WHAT YOU SHOULD DO
Will you output all of the data below exactly, omitting the images?

PROVIDED MATERIAL
━━━━━━━━

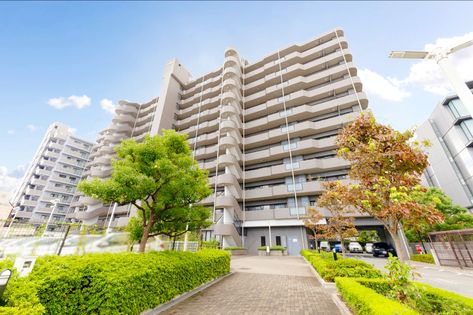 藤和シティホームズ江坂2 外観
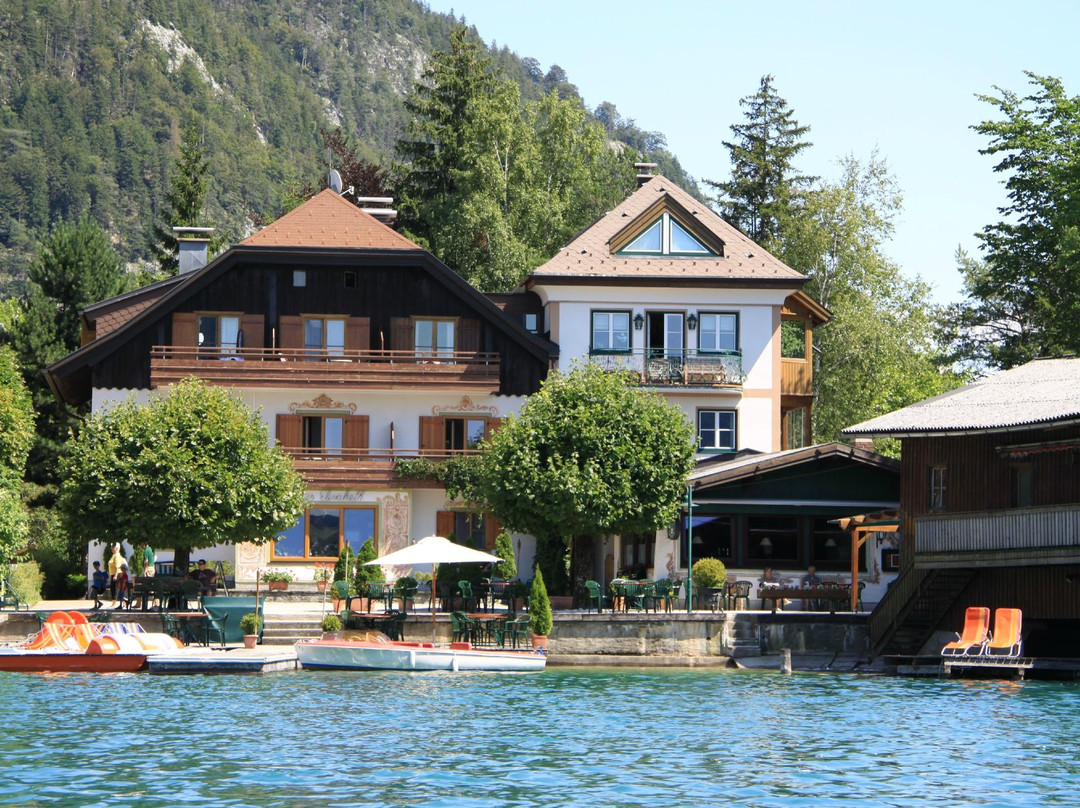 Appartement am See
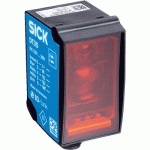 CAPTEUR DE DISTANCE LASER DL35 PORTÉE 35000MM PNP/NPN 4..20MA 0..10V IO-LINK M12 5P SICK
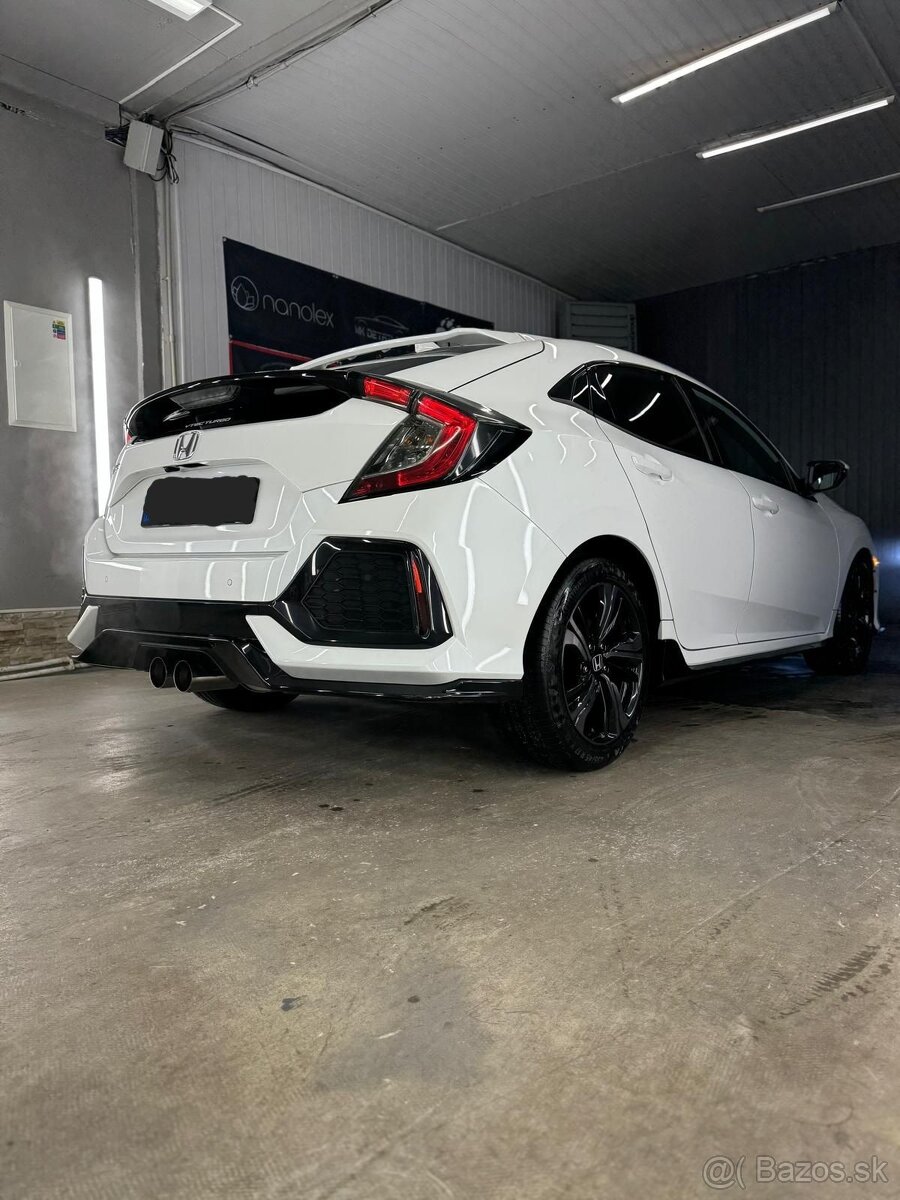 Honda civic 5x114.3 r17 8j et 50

━━━━━━━━

ANSWER TO THIS EXERCISE
 藤和シティホームズ江坂2 外観
 Appartement am See
 CAPTEUR DE DISTANCE LASER DL35 PORTÉE 35000MM PNP/NPN 4..20MA 0..10V IO-LINK M12 5P SICK
 Honda civic 5x114.3 r17 8j et 50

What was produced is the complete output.